Prosecutors can run into difficulties if they do not apportion roles correctly. This can be especially complicated in multi-handed cases where both individuals and companies are charged from separate legal entities. If there are complications in proceedings, evidence will need to be called to clarify who is homeowner, designer, client, principal contractor, and contractor, to know where they fit it.
A recent corporate manslaughter trial spent several days going through the ‘Construction (Design and Management) Regulations 2015’ (CMD) for this very purpose – a lot of the obligations overlap.
One of the key issues is that there is no in-depth mandatory training in the construction industry. Where there might be a general understanding of co-working relationships, parties to a construction project will rarely sit down to work through responsibilities. The quality of knowledge throughout the industry is also variable. Guides and regulations are available on the HSE website for all involved in working at height, but a significant number of stakeholders will not invest in proper health and safety planning. This also relates to homeowners who do up a second property.
For some construction workers, access to toilets and running water at work is a luxury. If some employers are getting away with that, there is no incentive to employ a health and safety consultant, or send in-house staff on training. Corners will frequently be cut.
A domestic homeowner has responsibilities to those they employ to undertake the work, but the responsibilities become acute if they fund it through a commercial shell company. They are clients, and under ‘Regulation 5 of the CMD’ are accountable for managing building projects even if they have no idea about construction. ‘Regulation 7’ does help pass some of the duties on to other duty-holders. The client has a major influence on the way a construction project is procured and managed. Is the client who obtains a commercial loan through a company for a new home a ‘principal contractor’ if they get someone in to do the works?
Anyone who directly employs or engages construction workers is classed as a contractor. They are the most important link in the chain, as they will employ or subcontract. Typically, those under their control are most at risk of falls from height. They will assess netting under a fragile roof or Easi-decking – lightweight metal walkways layed over fragile roof. If such measures, and records of the measures, are absent, this will render the director and management personnel potentially subject to the charge of ‘Gross Negligence Manslaughter’ and also ‘Corporate Manslaughter’.
Clients, contractors and designers are supposed to work together to minimise the risk of falls. Then they have to ensure that each other party is competent, and share information prior to any work. There must first be plans, a survey and a health and safety file. Under CMD, the contractor is duty bound to ensure the client is aware of their own health and safety obligations and must refuse to carry out work unless they have confirmed the same.
Contractors will often engage self-employed roofers to carry out high-risk work. There may be no interview, competence checks other than the recommendation of another roofer. More often it is those young men who fall from height.

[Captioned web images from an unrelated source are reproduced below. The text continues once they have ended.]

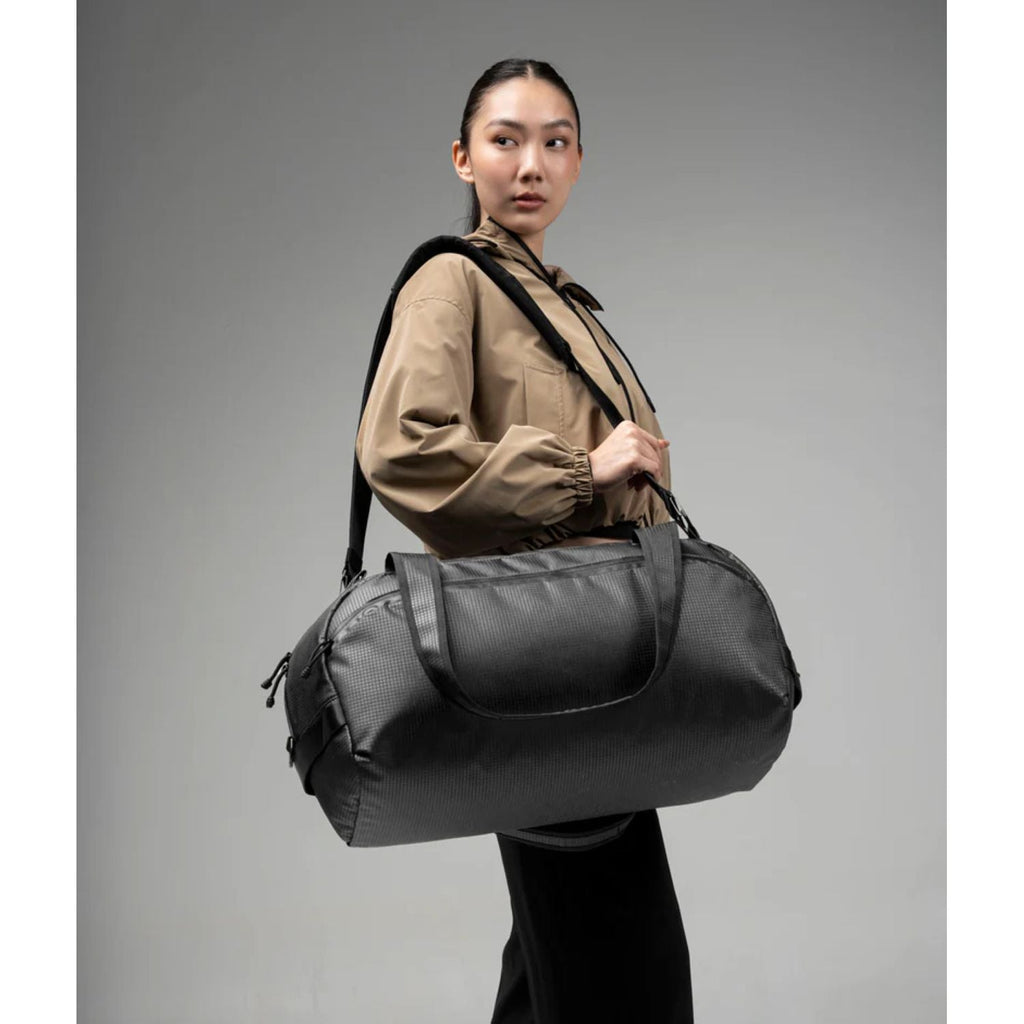ALPAKA Momentum Duffel Axodyne Hybrid (Black)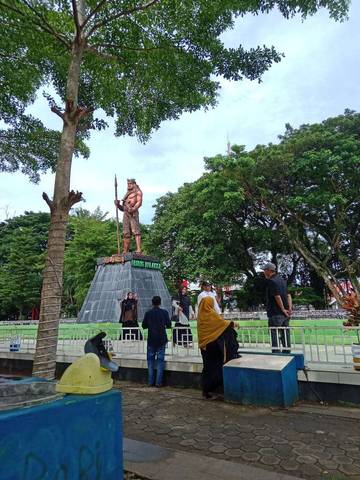 Patung Arung Palakka Jadi Spot Foto Favorit Wisatawan di Bone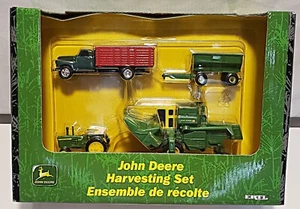 1/64 Ertl John Deere Harvesting Set #15014 - Picture 1 of 6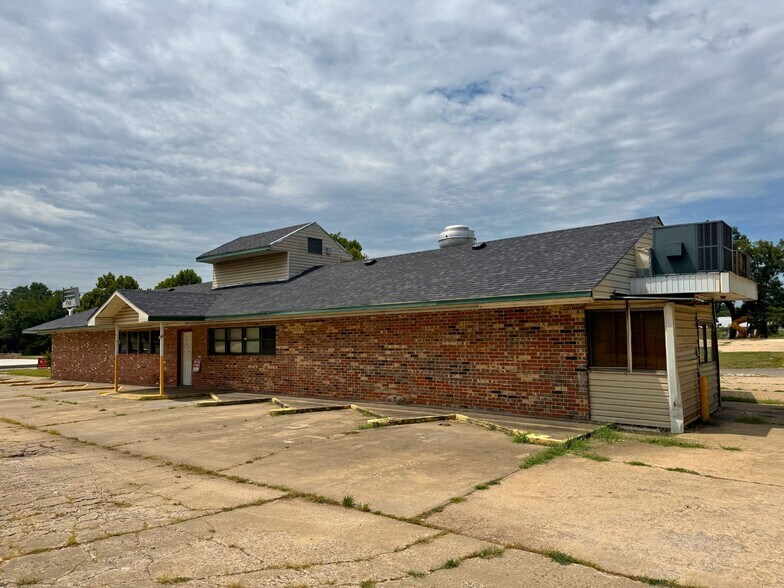 More Photos Of 520 W Broadway, Seminole Flex For Sale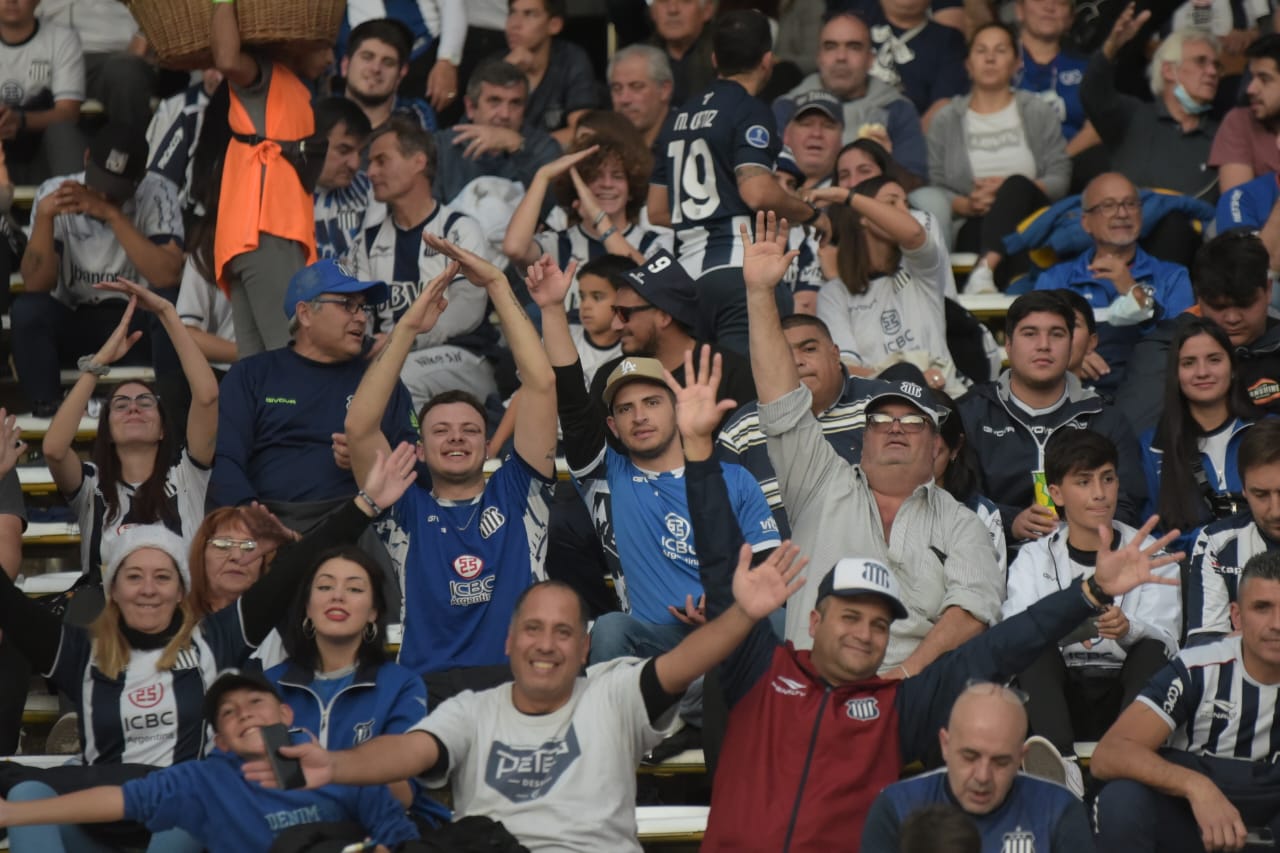 Los hinchas coparon el Kempes en el encuentro por la Copa Libertadores. Fotos: Lucio Casalla.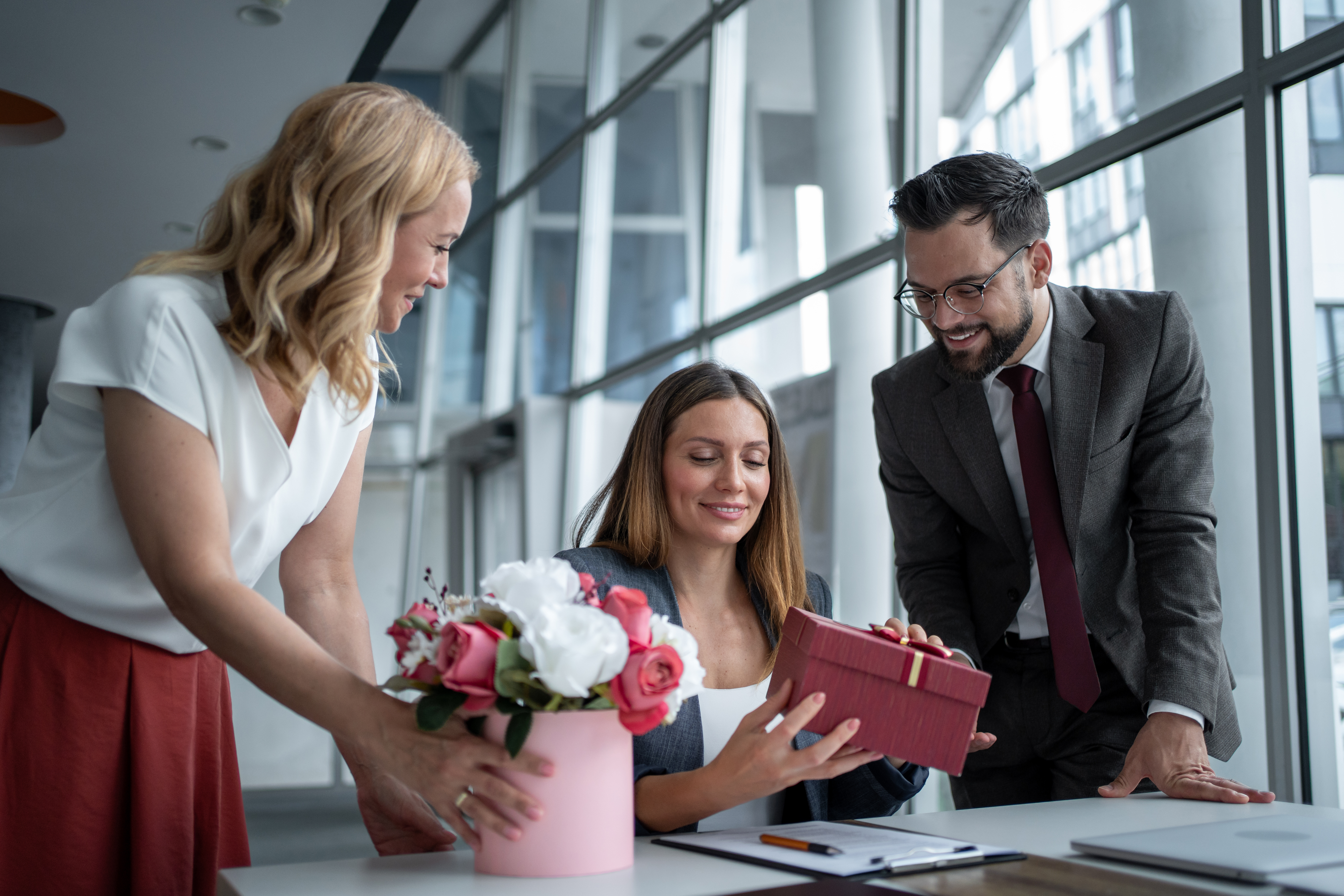 Ansatte kan under gitte forutsetninger få gaver inntil kr 4 000 skattefritt. Foto: AdobeStock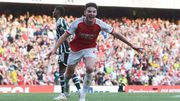 Arsenal keen to keep pressure on Manchester City with Manchester United spanking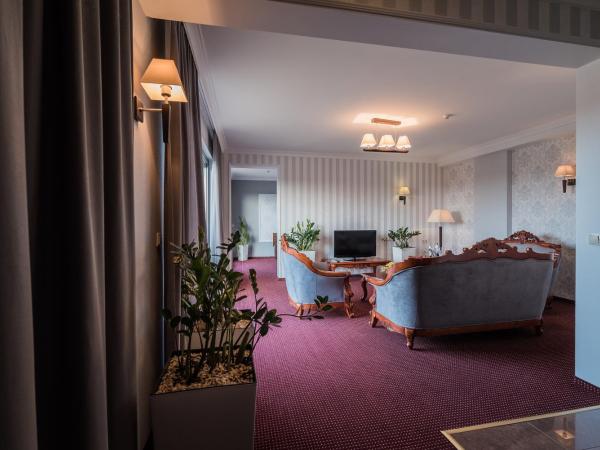 Jasek Premium Hotel Wrocław : photo 7 de la chambre appartement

Roofers may find a lack of provision of ladders resulting in them climbing up scaffolding, to strip a roof – the risk at height in such cases is obvious. Overstretched companies with teams at various locations may mean unsafe practices ensue under the radar. Inducting staff into the new job may also be missed. Each duty holder needs to know what the other is doing, and duties cannot be delegated.
Once a fall results in serious injury or death, different charges against different duty holders can often pit one against another in a cut-throat defence. Whilst some of the duties in regulations overlap between duty-holders, all roles and responsibilities are caught.
Whilst a lot of safety law is common sense, the definition attributed to who is the contractor versus the principal contractor is crucial. Resources, technical capability and accredited safety schemes indicating a safety system will be scrutinised under the gaze of the jury and grieving relatives.
Unless there are adequate funds within companies, and an understanding of their roles and those of others which they are working with, corners will continue to be cut and accidents will occur. The definitions of parties and obligations under the ‘Construction Design and Management Regulations 2015’ will continue to play an essential role in enforcement, trial and sentencing. Investment in training and due diligence is essential to ensure the construction team from client to roofer is competent, and this should reduce the risk of fatalities in the future.